The Tragedy of the Estonian Mass Deportations has been Compounded by a Massive Miscarriage of Justice – part II
Estonia Before the Storm of Soviet Annexation and German Occupation
Last year, I took a young foreign couple on a walking tour of Tallinn. Up came the topic of the “Golden Age” of prewar Estonia. One of my guests has one parent of Estonian extraction, but my storytelling abilities were put to the task in any event, as I sought visual cues of the past on the streets of the Estonian capital to illustrate my points.
As my late mother Heldia Estam and her friends – all children of the Republic – would often recount, Estonia blossomed after gaining her independence in 1920. Our War of Independence was preceded by what Estonians call the National Awakening, which began at about the same time as the US Civil War and the emancipation of America’s slaves. This awakening brought awareness of self and increased self-confidence to the Estonians, who had been in servitude for many generations, tilling the soil of the plantations owned and run by a landed class of Germans and Swedes under Danish, German, Swedish and Polish regimes, and finally the the Russian Tsarist Empire.
Since interwar Estonian history doesn’t ring a bell with many visitors, I may have to start arranging tours of unknown Estonia that focus on the prewar period! People could thereby get a conceptual grip on this vanished landscape – a sovereign and happy era between the two Great Wars.

The Republic of Estonia turns 20 - Tartu 1938
Among other things, prewar Estonia was prettier than the battered, chaotic and worn down landscape brought upon and thereafter bequeathed to us by the Soviet occupation – one that we are working on fixing up again. Not only was independent Estonia essentially unspoiled, both in the city and the country, and much less ramshackle and eclectic in appearance than now, but the gentle era itself was a more romantic one, certainly from the perspective of the people on the street and in the countryside.
Past is Prelude - The Belle Époque of Estonian Independence
With national independence came liberty for all citizens, regardless of ethnic background or religious belief. Independence was also synonymous with nation-building.
While the twenties gave no hints of problems to come, with the ominous exception of a Soviet-sponsored coup attempt in 1924 that the Estonian police and the military managed to defuse and terminate, economic and political developments in much of the rest of Europe and in the Soviet Union took a serious turn for the worse in the thirties.
Estonia’s Political Deficiencies Before WW II
During the thirties, Estonia too encountered political problems, becoming several notches less democratic than before during what has been named “the Silent Era”. Still, many political analysts of the present day say that Estonia’s turn away from full-fledged pluralism was relatively mild compared to what was going on at the same time in Italy, Germany, the Soviet Union, and elsewhere. As the online Estonica Encyclopedia notes, the Estonian regime of the thirties “was one of the most moderate among the similar regimes in Europe.” Estonia may have had warts on her face under the leadership of Konstantin Pats, but she wasn’t terminally disfigured, nor had she gone collectively stark raving mad, as seemed to be the case in Hitler’s Germany and Stalin’s USSR.

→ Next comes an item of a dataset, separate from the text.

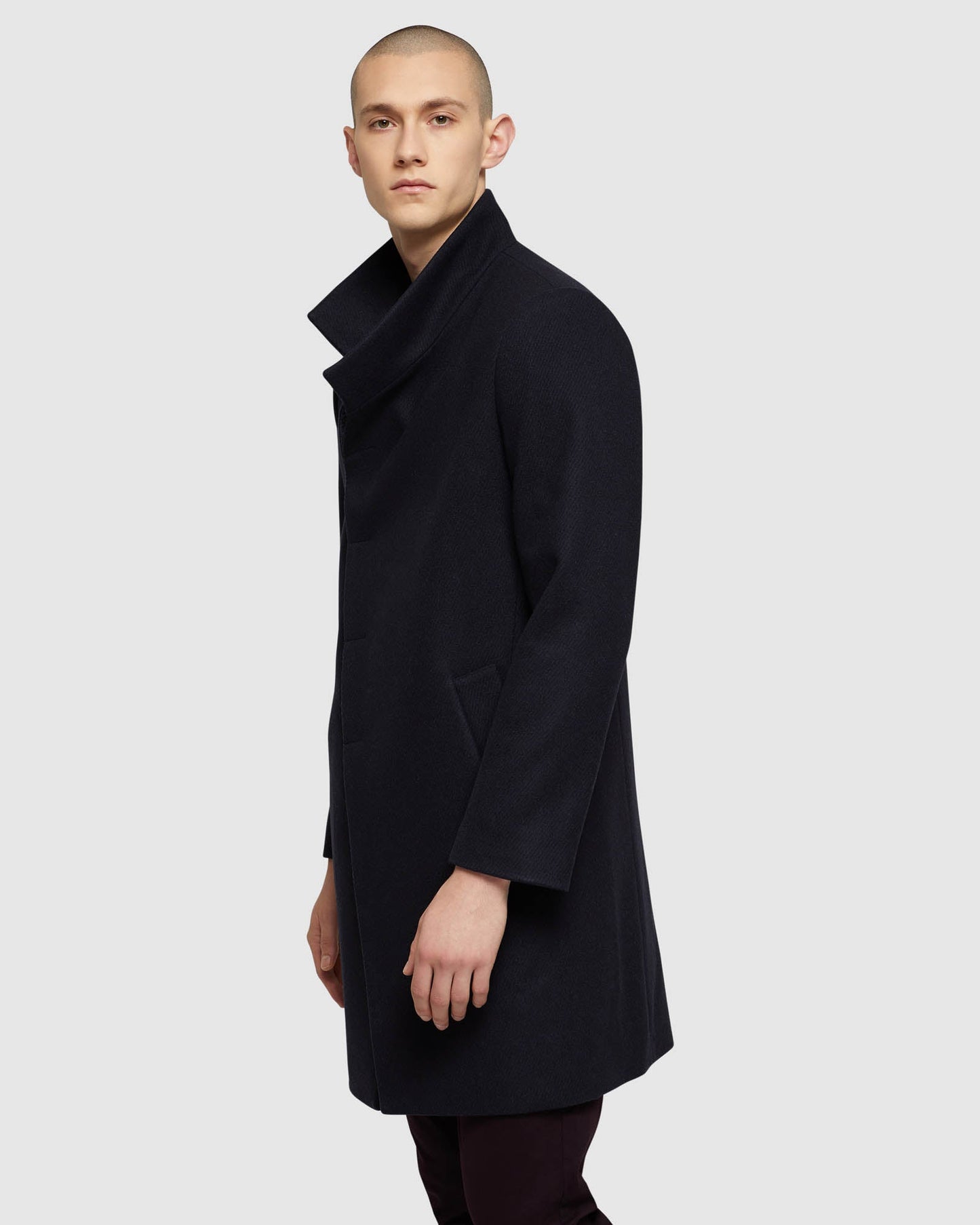 Marty Twill Overcoat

Comparing Estonia of the time to Stalin’s Russia or Hitler’s Germany shows that she was a substantially freer country in the thirties than they were. One likes to think that – given time – she would have made her way back to the fold of the freest nations in the world, had things been allowed to run their natural course. But then came the Molotov-Ribbentrop Pact of 1939 and the division of Eastern Europe by Berlin and Moscow. In coming years, these two would visit authoritarianism of the most absolutely virulent kind upon the Baltic States.
Instead of allowing things to run their course, letting the two dictators battle it out, and helping to clean up the mess afterwards, the Western countries then made the fateful and dark mistake of siding with Stalin against Hitler. Instead of remaining on a clean democratic tack, the Allies not only sullied themselves, but also did a major disservice to Russia as well as the Intermarum countries.
But let’s return to the way things were in Estonia during the second half of the thirties. The system of political pluralism had indeed been suspended by Pats, but at the same time, freedoms weren’t restricted in Estonia in a heavy-handedly draconian way either. Until the period when Soviet troops were allowed into the country in late 1939, residents could always leave the country and return to it. Conditions were not the dreadful ones of North Korea nor of Argentina under the junta. It was possible for the common man and woman to live and even prosper in pre-war Estonia. Most people were happy or reasonably happy, and – without trying to make things appear politically better than they were – the democratic reforms that were needed would hopefully have come.
At the time, Estonia was predominantly a farming society with a strong cooperative tradition, similar to that of the Scandinavians and some of the present-day dairy farmers of Vermont. At the same time that the number of businesses and enterprises was on the increase, Estonia of the late thirties remained largely a well-functioning rural subsistence society, even if Estonian soils as a rule are not of the “black earth” kind that some countries enjoy. Estonians were industrious, and while their quality of life was comparatively modest, it was being improved upon, step by step. Estonia didn’t lag far behind Finland next door, which had gotten a head start in the previous century, and which had never known the bondage of serfdom.